Another document shows that, on December 22, 2005, the Classification Committee, whose members included Chairperson Cortez and Defendants Mathews and Terry, amended the December 16, 2005 order, and directed that Plaintiff be confined in administrative segregation (TAC, p. 25). The Committee noted that Plaintiff's Central File revealed that Plaintiff had three prior Rules Violation Reports for indecent exposure, sexual conduct and masturbation, that the Riverside County District Attorney's Office had accepted the indecent exposure case for prosecution, and that a jury trial in that case was set for January 11, 2006 (id.). The Committee indicated that Plaintiff's sexual misconduct violations met the criteria for referral to a Departmental Review Board ("DRB") for consideration of an indeterminate SHU term (id.). Therefore, the Committee amended its action of December 16, 2005, and ordered Plaintiff confined in administrative segregation pending a final decision of the DRB referral (id.).
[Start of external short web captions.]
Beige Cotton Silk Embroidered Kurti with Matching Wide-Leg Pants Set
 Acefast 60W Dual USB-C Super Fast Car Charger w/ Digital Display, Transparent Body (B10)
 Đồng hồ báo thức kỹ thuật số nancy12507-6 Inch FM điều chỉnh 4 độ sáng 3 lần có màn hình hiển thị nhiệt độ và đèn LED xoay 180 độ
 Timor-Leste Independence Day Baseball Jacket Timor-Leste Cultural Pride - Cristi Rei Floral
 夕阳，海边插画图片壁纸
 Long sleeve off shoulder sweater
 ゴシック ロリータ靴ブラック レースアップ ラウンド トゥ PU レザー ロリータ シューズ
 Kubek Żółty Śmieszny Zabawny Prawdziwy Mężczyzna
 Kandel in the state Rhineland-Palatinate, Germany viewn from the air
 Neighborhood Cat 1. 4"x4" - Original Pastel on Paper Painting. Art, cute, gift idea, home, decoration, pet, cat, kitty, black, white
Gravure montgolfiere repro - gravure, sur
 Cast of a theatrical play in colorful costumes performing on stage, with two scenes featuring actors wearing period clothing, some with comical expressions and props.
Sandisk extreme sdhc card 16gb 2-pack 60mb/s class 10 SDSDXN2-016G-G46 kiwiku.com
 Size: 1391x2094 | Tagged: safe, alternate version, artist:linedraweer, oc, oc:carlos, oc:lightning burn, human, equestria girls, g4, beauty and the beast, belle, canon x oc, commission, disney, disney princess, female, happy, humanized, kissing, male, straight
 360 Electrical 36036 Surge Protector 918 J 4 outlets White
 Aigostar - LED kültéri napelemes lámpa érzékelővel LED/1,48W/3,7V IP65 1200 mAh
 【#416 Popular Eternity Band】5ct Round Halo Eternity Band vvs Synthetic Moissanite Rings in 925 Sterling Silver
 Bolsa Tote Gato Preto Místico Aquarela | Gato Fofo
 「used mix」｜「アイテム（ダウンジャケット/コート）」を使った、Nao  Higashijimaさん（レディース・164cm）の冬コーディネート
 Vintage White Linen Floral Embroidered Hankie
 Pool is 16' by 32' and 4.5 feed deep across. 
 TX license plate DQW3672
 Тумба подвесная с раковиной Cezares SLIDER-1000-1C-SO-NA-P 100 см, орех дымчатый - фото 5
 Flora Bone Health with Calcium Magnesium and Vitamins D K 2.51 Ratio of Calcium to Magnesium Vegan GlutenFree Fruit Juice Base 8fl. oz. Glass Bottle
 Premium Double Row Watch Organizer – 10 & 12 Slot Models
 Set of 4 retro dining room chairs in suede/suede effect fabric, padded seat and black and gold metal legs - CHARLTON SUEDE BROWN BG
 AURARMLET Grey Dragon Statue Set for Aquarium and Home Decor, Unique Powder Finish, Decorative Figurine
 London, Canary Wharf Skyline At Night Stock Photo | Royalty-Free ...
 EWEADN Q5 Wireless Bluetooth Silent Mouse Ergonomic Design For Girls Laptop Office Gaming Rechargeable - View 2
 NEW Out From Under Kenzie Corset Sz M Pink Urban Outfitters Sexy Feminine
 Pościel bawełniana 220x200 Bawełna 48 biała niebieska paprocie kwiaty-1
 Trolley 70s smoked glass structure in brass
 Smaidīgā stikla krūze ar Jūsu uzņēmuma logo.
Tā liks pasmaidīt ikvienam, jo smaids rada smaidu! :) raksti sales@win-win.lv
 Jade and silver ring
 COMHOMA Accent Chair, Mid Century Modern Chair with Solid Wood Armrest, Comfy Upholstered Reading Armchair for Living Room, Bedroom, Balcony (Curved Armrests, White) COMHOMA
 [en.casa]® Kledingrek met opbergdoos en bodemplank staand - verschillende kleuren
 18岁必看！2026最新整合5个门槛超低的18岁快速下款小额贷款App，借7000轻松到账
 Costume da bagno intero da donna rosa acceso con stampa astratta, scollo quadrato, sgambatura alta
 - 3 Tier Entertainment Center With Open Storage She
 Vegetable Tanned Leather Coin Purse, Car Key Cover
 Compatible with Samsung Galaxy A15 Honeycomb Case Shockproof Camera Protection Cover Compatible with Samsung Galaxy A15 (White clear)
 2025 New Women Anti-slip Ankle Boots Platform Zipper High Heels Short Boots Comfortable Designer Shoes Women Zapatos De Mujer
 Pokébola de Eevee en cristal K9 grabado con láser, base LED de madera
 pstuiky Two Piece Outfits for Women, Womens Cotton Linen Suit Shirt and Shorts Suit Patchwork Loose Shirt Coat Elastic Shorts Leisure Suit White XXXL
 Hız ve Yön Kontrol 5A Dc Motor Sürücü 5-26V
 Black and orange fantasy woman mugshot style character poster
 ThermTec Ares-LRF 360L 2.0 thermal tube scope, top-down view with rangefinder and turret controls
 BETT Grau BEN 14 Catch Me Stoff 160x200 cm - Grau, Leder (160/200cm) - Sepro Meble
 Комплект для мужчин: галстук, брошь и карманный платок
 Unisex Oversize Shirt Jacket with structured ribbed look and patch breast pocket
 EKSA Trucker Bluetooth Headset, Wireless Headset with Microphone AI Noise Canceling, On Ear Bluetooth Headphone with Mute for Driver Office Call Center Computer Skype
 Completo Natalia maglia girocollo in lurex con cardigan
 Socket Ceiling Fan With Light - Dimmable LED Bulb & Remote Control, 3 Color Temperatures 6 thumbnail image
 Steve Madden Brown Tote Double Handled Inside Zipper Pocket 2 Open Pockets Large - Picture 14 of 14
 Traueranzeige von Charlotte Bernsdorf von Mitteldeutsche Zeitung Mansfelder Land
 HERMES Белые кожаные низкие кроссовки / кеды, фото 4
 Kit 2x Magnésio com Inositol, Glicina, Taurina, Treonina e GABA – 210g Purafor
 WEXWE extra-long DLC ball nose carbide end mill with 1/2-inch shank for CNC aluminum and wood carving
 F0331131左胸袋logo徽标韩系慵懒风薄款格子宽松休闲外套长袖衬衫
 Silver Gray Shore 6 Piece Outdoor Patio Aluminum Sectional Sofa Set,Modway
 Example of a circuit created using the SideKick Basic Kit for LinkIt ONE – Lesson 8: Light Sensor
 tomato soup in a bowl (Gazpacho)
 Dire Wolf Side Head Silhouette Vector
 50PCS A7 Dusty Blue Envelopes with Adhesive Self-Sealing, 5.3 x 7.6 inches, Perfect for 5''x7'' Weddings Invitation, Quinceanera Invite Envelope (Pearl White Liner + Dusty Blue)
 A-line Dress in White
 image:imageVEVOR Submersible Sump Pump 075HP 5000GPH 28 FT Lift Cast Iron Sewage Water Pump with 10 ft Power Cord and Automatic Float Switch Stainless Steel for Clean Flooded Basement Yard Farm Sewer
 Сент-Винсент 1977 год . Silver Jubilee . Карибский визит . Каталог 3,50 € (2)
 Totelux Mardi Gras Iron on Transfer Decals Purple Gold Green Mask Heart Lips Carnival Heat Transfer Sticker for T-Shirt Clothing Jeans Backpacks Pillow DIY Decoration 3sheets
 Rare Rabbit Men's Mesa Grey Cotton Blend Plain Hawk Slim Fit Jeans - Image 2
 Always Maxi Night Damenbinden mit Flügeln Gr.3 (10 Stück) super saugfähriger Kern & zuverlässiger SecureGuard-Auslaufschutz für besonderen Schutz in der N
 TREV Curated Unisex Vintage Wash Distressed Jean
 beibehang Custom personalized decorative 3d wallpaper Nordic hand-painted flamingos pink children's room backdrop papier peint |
Plaintiff alleges four claims for relief:

Claim One (Retaliation against Defendant Brown; Excessive Force against Defendants Gibbons and LaCuesta)

In Claim One, Plaintiff alleges that, on July 18, 2005, Defendant Brown, who was not regularly assigned to administrative segregation, approached Plaintiff's cell, looked in, and then walked away without saying anything (TAC, p. 7). Two hours later, Defendant Gibbons allegedly handcuffed Plaintiff, squeezing the handcuffs to reduce blood flow to Plaintiff's hand and fingers (id.). Plaintiff allegedly was pushed into an empty office, where Gibbons assertedly summoned Defendant LaCuesta and instructed him to close the door (id.). Defendant Gibbons allegedly began to question Plaintiff concerning the reasons for Plaintiff's administrative segregation placement (id.). Plaintiff allegedly responded: "Look it up --- where's Capt. Gonzalez?" (id.). Defendant Gibbons allegedly went behind Plaintiff, placed his hand around the back of Plaintiff's neck, and slammed the right side of Plaintiff's face down on the desktop, stating "don't fuck with my female staff understand!" According to Plaintiff, Gibbons repeatedly pounded Plaintiff's face against the desktop (id.).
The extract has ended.